(What to work on) With the pictures omitted, repeat exactly the lines below starting with the line that has "2H-Pyran-4-car" and going on through the line that has "Журнальный столик Verde черный агломерат".

START Given data

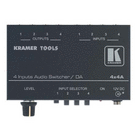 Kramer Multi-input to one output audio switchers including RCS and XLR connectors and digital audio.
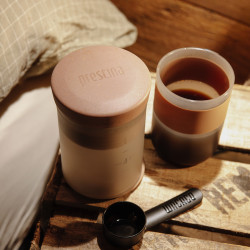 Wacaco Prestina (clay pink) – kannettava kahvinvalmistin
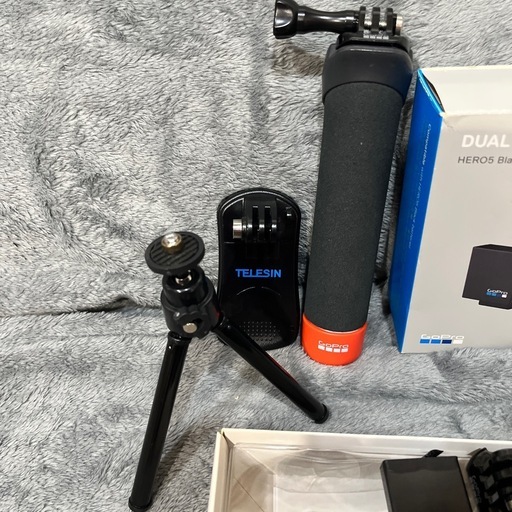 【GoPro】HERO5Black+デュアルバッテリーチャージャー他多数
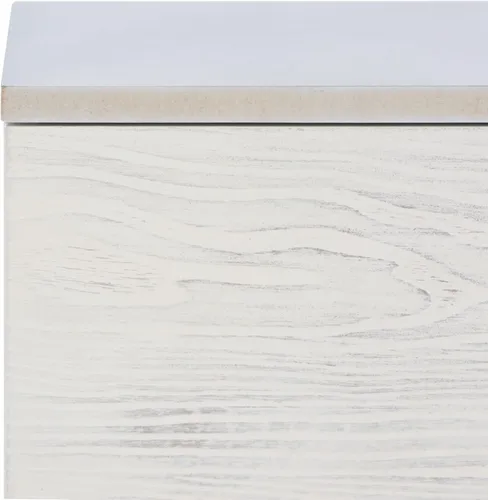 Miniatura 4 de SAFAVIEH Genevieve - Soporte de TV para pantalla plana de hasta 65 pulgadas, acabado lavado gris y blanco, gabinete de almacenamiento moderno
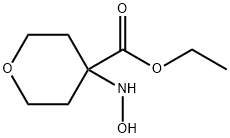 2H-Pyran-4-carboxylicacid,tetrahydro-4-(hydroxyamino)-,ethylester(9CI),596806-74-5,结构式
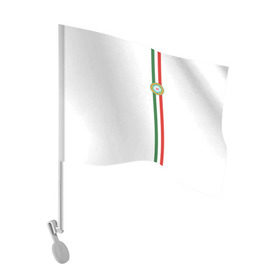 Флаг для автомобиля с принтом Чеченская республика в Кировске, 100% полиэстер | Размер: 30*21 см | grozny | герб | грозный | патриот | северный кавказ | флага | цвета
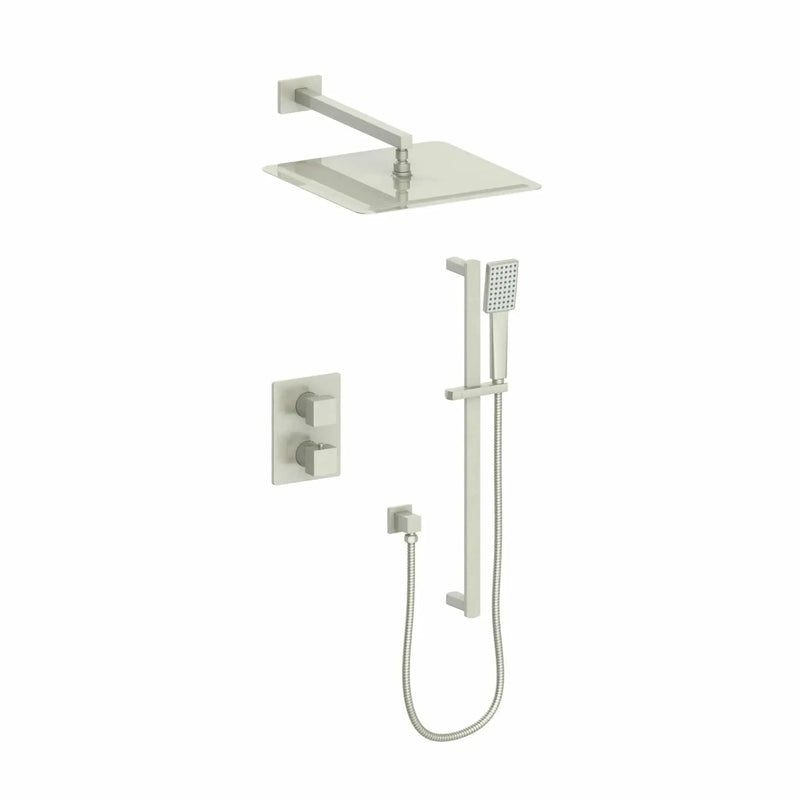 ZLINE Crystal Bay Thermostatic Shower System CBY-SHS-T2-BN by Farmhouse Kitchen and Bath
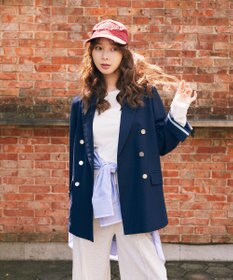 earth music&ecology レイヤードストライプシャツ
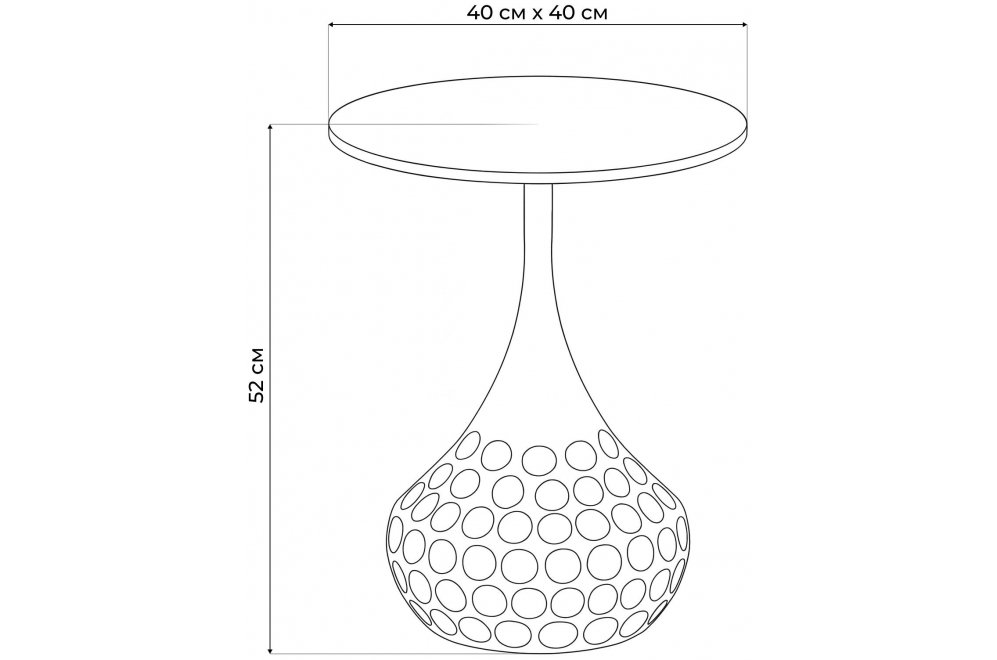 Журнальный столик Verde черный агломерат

END Given data
START Given data

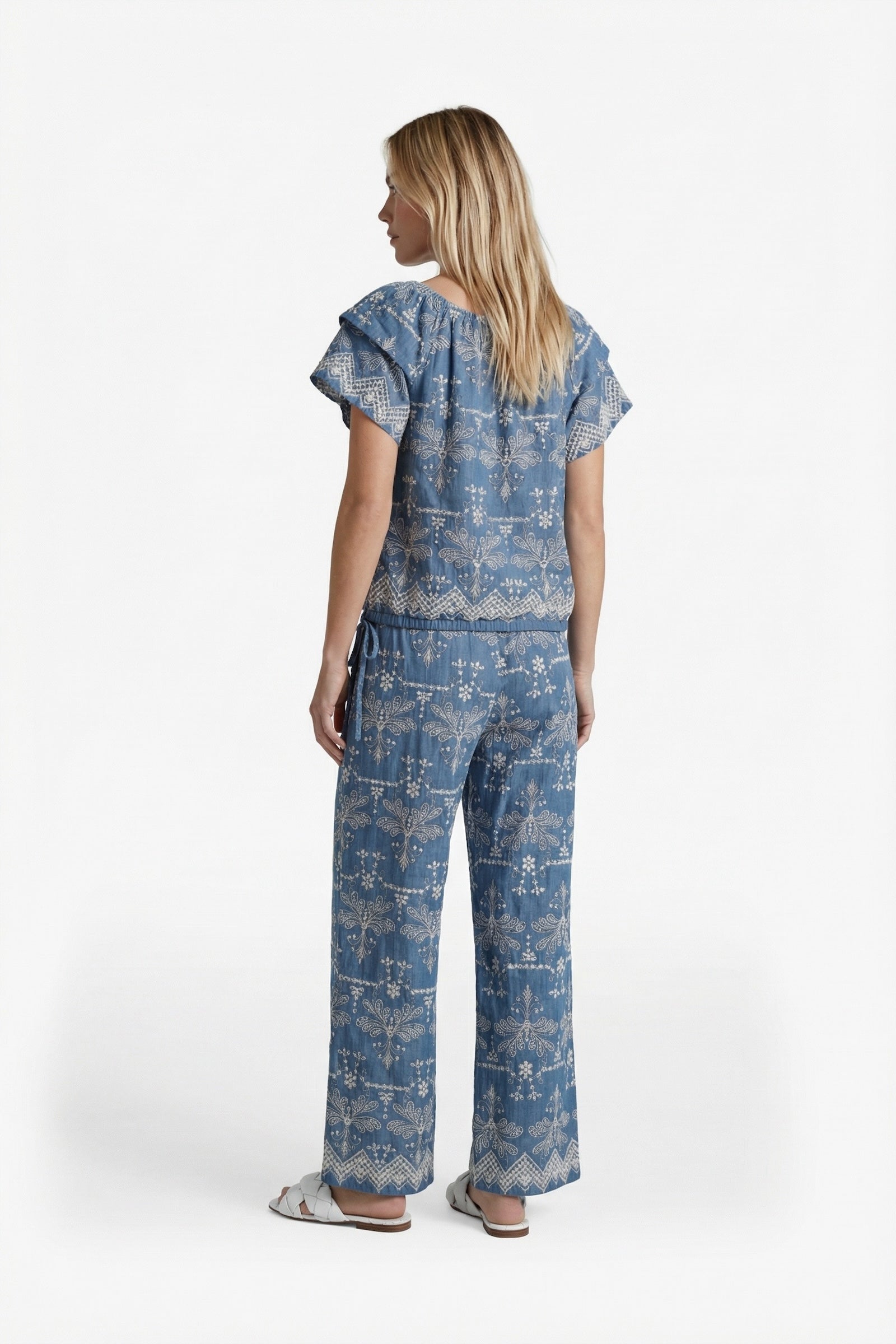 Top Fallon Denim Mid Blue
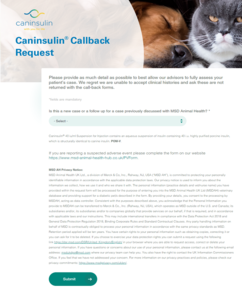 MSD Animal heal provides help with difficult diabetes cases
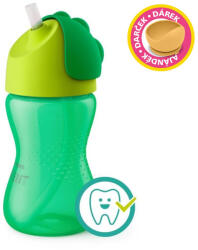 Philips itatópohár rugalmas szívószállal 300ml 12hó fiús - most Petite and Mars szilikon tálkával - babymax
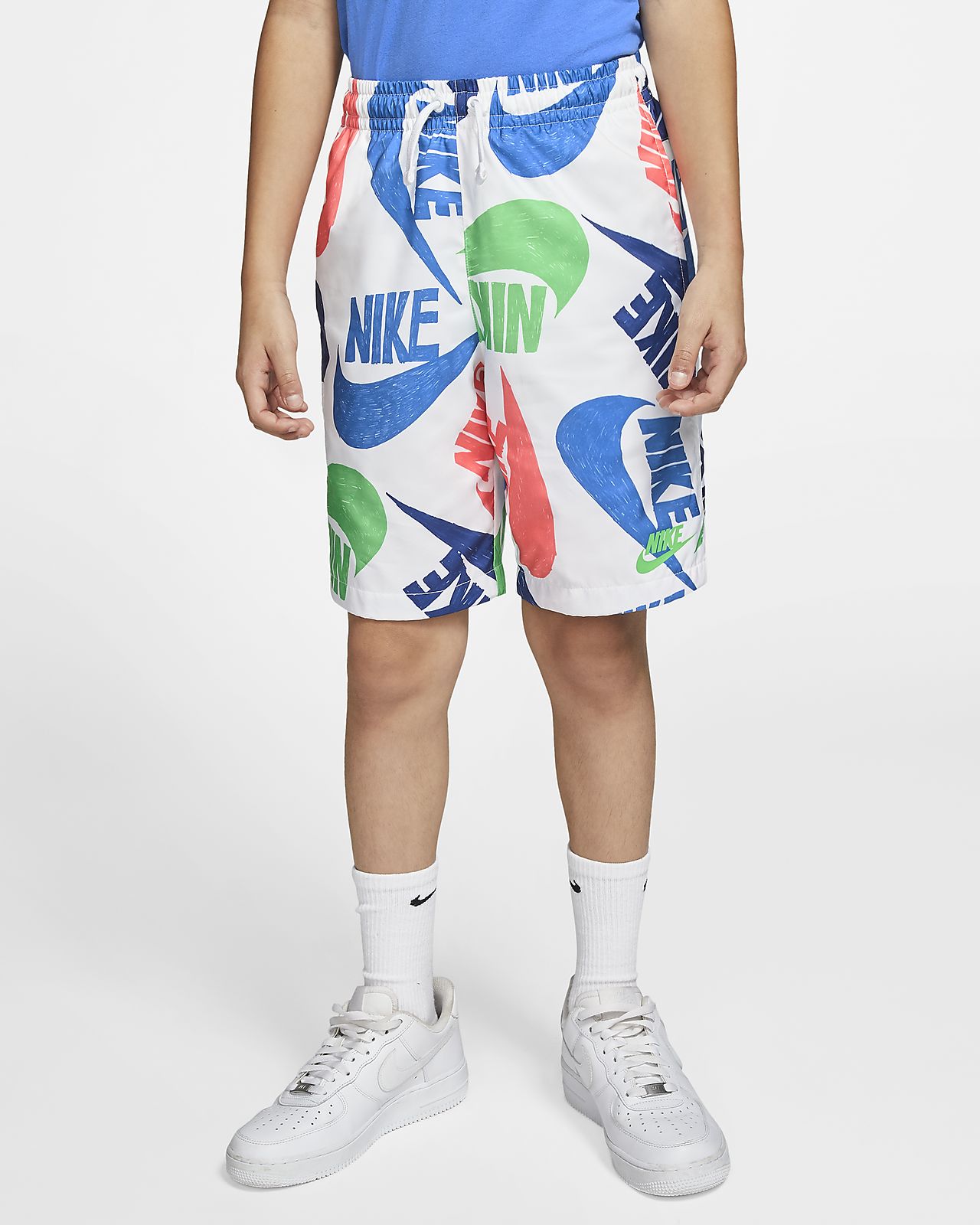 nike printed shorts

END Given data
START Given data

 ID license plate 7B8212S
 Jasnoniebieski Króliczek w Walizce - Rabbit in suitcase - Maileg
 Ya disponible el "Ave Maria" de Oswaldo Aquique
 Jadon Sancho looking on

END Given data

(Problem solution)
 2H-Pyran-4-carboxylicacid,tetrahydro-4-(hydroxyamino)-,ethylester(9CI),596806-74-5,结构式
 Флаг для автомобиля с принтом Чеченская республика в Кировске, 100% полиэстер | Размер: 30*21 см | grozny | герб | грозный | патриот | северный кавказ | флага | цвета
 ZLINE Crystal Bay Thermostatic Shower System CBY-SHS-T2-BN by Farmhouse Kitchen and Bath
 earth music&ecology レイヤードストライプシャツ
 Журнальный столик Verde черный агломерат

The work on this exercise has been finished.